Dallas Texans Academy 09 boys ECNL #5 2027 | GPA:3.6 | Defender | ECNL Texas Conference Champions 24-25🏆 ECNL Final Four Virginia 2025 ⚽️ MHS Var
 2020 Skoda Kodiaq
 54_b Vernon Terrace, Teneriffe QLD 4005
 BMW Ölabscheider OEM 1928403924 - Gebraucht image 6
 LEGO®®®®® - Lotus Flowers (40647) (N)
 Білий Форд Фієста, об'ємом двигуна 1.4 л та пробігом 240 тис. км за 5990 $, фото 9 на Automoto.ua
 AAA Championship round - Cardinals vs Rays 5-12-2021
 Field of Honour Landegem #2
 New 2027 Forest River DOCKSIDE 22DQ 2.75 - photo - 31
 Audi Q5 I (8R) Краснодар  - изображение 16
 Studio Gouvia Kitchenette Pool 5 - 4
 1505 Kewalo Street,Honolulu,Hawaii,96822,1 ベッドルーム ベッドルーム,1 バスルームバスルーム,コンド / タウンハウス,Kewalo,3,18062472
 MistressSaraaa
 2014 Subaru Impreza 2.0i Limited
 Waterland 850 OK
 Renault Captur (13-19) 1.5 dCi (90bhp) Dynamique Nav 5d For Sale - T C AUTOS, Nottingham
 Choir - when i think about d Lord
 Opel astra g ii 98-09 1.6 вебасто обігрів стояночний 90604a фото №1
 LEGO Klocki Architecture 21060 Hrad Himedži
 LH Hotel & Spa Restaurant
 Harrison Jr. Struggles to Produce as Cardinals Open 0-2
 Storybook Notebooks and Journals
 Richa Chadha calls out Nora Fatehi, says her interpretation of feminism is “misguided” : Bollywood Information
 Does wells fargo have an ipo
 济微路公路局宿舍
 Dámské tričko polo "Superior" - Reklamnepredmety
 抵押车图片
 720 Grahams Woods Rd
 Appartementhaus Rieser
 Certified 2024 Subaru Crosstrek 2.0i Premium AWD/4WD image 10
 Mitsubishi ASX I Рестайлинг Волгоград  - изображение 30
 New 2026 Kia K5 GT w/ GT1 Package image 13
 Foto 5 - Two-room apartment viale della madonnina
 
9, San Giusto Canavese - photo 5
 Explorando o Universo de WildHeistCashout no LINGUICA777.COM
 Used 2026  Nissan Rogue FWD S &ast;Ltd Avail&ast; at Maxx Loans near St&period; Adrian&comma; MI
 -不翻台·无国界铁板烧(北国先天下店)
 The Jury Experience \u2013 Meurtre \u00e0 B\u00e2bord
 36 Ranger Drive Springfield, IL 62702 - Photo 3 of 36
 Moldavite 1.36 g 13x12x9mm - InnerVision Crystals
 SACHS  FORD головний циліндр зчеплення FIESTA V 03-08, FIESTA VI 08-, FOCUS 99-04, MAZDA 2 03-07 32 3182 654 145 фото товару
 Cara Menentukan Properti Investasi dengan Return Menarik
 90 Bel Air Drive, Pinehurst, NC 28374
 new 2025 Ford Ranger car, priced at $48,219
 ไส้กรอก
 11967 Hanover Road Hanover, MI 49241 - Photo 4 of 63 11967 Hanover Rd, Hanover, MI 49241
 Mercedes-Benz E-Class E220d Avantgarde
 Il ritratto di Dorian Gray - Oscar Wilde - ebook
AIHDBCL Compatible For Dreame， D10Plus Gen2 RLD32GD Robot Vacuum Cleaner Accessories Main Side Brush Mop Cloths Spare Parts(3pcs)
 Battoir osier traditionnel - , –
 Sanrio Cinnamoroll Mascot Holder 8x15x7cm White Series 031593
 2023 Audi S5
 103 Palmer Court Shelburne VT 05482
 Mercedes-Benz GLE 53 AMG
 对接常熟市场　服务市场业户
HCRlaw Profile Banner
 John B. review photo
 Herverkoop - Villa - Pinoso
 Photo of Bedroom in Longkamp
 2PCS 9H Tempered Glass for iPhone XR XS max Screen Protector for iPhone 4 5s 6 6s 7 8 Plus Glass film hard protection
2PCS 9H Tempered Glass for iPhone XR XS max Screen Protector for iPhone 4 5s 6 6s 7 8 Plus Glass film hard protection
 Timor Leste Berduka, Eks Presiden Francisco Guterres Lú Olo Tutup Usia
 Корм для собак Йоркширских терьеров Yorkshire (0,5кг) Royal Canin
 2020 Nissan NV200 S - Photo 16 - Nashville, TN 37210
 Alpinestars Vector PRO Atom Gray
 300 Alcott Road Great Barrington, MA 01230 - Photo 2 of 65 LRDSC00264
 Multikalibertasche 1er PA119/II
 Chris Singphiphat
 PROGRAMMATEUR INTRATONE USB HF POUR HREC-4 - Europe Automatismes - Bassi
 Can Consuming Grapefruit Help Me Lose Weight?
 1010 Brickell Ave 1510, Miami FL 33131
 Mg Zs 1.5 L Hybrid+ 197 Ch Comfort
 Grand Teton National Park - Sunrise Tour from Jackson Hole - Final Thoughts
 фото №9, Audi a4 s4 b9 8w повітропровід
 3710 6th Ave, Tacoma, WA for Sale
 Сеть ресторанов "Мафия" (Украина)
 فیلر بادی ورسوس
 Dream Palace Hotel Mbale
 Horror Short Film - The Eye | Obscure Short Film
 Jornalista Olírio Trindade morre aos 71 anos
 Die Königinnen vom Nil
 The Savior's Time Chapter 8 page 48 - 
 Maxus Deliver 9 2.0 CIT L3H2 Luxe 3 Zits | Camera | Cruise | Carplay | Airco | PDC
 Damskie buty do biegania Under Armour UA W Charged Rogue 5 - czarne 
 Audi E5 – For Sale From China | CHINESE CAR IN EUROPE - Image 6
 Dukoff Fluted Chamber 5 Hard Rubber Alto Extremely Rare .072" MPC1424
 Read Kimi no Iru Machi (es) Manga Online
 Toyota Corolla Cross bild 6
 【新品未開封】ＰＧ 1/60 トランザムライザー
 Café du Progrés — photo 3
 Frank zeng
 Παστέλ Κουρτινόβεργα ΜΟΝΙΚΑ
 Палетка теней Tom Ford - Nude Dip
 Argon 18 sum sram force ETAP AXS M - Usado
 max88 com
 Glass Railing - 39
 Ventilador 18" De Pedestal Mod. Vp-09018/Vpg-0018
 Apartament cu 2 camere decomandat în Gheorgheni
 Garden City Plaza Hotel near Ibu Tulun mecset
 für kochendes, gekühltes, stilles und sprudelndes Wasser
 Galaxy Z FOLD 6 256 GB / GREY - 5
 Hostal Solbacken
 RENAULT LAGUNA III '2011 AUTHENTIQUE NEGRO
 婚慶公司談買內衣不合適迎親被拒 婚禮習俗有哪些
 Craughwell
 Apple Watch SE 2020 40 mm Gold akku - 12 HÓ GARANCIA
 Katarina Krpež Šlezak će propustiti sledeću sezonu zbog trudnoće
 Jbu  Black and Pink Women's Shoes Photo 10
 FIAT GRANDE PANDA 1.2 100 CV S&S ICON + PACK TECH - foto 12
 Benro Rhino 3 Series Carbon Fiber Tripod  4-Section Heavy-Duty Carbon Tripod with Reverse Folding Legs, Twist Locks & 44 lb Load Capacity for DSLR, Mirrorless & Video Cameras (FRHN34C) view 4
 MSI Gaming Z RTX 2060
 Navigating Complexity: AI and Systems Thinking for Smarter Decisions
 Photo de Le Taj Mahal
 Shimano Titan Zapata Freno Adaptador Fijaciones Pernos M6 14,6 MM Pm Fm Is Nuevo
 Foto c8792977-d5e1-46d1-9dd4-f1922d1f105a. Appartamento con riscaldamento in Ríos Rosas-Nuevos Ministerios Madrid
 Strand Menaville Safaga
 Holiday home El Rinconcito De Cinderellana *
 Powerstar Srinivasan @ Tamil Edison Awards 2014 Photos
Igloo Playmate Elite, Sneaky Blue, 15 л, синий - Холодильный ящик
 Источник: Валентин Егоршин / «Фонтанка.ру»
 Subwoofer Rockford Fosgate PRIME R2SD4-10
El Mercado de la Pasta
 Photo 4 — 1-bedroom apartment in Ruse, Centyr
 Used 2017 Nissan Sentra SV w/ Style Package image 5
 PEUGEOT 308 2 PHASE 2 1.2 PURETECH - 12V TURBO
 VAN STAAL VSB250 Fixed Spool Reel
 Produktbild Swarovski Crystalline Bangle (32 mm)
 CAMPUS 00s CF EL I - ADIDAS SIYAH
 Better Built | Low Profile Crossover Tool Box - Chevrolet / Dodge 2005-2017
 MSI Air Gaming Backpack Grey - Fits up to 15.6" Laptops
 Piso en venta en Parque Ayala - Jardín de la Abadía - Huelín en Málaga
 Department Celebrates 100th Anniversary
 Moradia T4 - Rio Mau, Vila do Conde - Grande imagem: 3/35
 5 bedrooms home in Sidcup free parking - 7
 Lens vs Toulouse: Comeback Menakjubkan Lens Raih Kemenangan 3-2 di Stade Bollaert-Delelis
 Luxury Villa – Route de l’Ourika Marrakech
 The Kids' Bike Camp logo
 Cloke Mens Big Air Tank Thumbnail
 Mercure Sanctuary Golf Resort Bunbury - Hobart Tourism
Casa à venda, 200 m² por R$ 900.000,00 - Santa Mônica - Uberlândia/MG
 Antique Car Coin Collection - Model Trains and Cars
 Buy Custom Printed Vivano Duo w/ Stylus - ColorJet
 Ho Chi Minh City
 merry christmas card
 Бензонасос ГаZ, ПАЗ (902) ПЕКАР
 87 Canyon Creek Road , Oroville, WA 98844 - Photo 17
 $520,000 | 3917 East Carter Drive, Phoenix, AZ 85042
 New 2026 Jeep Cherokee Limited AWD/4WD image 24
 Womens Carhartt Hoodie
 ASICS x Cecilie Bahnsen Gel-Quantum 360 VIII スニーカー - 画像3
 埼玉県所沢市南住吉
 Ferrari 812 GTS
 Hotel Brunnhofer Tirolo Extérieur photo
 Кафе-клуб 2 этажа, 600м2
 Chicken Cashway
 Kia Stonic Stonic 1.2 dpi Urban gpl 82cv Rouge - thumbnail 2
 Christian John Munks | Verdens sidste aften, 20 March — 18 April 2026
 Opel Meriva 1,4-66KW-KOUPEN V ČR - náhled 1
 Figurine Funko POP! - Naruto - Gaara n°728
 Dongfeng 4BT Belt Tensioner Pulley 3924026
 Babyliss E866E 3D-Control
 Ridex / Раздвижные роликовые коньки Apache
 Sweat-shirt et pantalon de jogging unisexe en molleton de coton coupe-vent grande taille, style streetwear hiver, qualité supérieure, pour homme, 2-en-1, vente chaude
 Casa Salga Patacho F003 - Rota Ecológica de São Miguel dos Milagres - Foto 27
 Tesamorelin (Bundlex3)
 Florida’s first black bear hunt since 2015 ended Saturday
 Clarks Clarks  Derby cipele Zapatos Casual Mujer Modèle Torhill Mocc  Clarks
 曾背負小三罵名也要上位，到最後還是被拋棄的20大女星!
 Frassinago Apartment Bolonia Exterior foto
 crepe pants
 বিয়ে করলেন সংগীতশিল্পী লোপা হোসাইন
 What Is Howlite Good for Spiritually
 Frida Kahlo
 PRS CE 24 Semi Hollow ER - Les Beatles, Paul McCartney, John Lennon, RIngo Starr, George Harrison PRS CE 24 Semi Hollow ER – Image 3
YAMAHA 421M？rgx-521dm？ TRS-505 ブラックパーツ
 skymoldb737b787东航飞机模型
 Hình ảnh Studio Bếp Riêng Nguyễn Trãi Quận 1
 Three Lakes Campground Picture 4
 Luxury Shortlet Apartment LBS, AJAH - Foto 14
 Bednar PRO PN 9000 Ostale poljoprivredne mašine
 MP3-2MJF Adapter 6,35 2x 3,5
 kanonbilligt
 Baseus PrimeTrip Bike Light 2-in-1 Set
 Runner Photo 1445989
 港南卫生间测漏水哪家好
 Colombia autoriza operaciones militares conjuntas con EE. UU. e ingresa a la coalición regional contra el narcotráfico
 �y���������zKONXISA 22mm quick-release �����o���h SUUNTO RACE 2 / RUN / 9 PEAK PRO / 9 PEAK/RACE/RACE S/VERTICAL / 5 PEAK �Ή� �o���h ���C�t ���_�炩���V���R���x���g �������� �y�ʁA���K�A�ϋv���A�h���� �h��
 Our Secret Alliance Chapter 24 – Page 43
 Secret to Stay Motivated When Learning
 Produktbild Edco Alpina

#### The task
Retype the entries exactly from the first line, stopping after the line with "Білий Форд Фієста, об'ємом".

#### Response for this exercise
Dallas Texans Academy 09 boys ECNL #5 2027 | GPA:3.6 | Defender | ECNL Texas Conference Champions 24-25🏆 ECNL Final Four Virginia 2025 ⚽️ MHS Var
 2020 Skoda Kodiaq
 54_b Vernon Terrace, Teneriffe QLD 4005
 BMW Ölabscheider OEM 1928403924 - Gebraucht image 6
 LEGO®®®®® - Lotus Flowers (40647) (N)
 Білий Форд Фієста, об'ємом двигуна 1.4 л та пробігом 240 тис. км за 5990 $, фото 9 на Automoto.ua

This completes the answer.